II. STANDARD OF REVIEW

A prisoner in federal custody may move the sentencing court "to vacate, set aside or correct the sentence" upon three grounds: (1) "that the sentence was imposed in violation of the Constitution or laws of the United States"; (2) "that the court was without jurisdiction to impose such sentence"; or (3) "that the sentence was in excess of the maximum authorized by law." 28 U.S.C. § 2255(a).

A criminal defendant bears the burden of establishing his entitlement to § 2255 relief. See United States v. Davies, 394 F.3d 182, 189 (3d Cir. 2005). Moreover, because a § 2255 motion to vacate is a collateral attack on a sentence, a criminal defendant "must clear a significantly higher hurdle than would exist on direct appeal." United States v. Frady, 456 U.S. 152, 166 (1982), cited in United States v. Travillion, 759 F.3d 281, 288 (3d Cir. 2014). In considering a motion to vacate a defendant's sentence, "the court must accept the truth of the movant's factual allegations unless they are clearly frivolous on the basis of the existing record." United States v.
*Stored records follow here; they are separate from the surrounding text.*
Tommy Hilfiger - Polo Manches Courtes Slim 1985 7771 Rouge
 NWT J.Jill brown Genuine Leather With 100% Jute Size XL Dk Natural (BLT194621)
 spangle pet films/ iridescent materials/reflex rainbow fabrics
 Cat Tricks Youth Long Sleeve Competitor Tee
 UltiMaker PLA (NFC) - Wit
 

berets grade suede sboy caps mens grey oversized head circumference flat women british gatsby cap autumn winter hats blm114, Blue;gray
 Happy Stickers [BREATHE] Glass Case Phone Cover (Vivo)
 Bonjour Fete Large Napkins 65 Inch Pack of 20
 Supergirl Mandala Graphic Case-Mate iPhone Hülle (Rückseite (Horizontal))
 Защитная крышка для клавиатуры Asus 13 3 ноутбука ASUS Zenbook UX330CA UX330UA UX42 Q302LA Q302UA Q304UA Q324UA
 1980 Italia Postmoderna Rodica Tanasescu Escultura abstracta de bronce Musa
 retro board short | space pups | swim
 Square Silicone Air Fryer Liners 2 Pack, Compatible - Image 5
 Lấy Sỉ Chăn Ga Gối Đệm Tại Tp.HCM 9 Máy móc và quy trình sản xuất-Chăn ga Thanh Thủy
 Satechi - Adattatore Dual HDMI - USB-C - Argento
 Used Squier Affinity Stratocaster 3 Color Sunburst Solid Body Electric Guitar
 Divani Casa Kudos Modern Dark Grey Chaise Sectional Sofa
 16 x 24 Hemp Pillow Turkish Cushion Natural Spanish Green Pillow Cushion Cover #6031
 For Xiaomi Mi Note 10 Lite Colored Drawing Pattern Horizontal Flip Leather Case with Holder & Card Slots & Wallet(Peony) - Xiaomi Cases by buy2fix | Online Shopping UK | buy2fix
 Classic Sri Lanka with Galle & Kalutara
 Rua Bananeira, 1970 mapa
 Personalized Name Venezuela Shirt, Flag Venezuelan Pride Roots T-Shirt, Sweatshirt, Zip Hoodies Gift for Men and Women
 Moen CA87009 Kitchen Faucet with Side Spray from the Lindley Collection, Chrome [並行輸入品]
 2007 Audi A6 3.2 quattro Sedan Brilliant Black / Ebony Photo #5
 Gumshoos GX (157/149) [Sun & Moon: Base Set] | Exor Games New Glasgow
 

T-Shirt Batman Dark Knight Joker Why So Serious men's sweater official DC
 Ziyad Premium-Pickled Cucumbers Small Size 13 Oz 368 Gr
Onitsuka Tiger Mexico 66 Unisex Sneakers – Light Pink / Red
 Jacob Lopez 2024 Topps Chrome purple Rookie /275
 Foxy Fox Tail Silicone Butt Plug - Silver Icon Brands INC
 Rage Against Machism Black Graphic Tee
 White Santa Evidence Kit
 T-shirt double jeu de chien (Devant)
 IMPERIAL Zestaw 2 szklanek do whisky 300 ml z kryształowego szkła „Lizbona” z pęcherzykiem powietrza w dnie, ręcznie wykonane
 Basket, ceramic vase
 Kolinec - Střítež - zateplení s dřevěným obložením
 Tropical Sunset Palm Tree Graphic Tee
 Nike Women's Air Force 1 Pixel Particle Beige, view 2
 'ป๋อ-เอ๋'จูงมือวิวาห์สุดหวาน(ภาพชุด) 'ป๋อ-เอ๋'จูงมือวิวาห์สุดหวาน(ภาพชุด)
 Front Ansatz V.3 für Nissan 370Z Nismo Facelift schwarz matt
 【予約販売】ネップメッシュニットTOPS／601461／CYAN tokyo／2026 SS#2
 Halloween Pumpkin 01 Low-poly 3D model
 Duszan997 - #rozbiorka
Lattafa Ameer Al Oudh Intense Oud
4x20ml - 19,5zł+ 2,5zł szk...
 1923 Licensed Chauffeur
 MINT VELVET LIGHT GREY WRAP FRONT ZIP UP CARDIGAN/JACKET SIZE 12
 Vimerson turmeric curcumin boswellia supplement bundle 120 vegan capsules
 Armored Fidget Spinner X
Booth, 432 F.3d 542, 545 (3d Cir. 2005) (internal quotation marks and citation omitted).

III. DISCUSSION

Kluger claims trial counsel failed to investigate and thereby discover that this Court lacked venue to adjudicate any of the charges he pled guilty to. He also claims counsel failed to object to the fact that the government did not establish the factual basis necessary to establish his guilt with regard to the obstruction of justice offense. Had counsel conducted adequate investigation and informed him of these defenses, he asserts, he would have insisted on going to trial. Based on the Court's review of the record, neither claim is meritorious.

Overall, Kluger asserts that "[t]rial counsel rendered Mr. Kluger ineffective assistance in violation of his Sixth Amendment right to counsel when he: (1) misadvised Mr. Kluger to enter into a plea agreement; (2) misadvised him that the minimal contacts the government alleged in its Criminal Complaint were sufficient to establish venue in New Jersey; (3) failed to advise him that he had a venue defense to the charges because venue did not lie in New Jersey; (4) failed to advise him that he had a factual defense to the Count 16 obstruction of justice charge; and (5) failed to advise him that there was a reasonable probability that he would be acquitted on all counts if he were to go to trial. Trial counsel's advice was deficient because, in fact, venue was not proper in New Jersey and, if Mr. Kluger had gone to trial, there is a reasonable probability that he would not have been convicted. Mr. Kluger was preju[]diced by this misadvice (a) because, had he been properly advised, he would not have pled guilty and instead would have insisted on going to trial, (b) because he entered guilty pleas that were not knowing and voluntary, and (c) because this misadvice affected the very framework within which the case against Mr. Kluger proceeded." ECF No. 3 at 9. Viewed as a whole, the motion raises the two claims summarized above, and the other claimed deficiencies derive from them.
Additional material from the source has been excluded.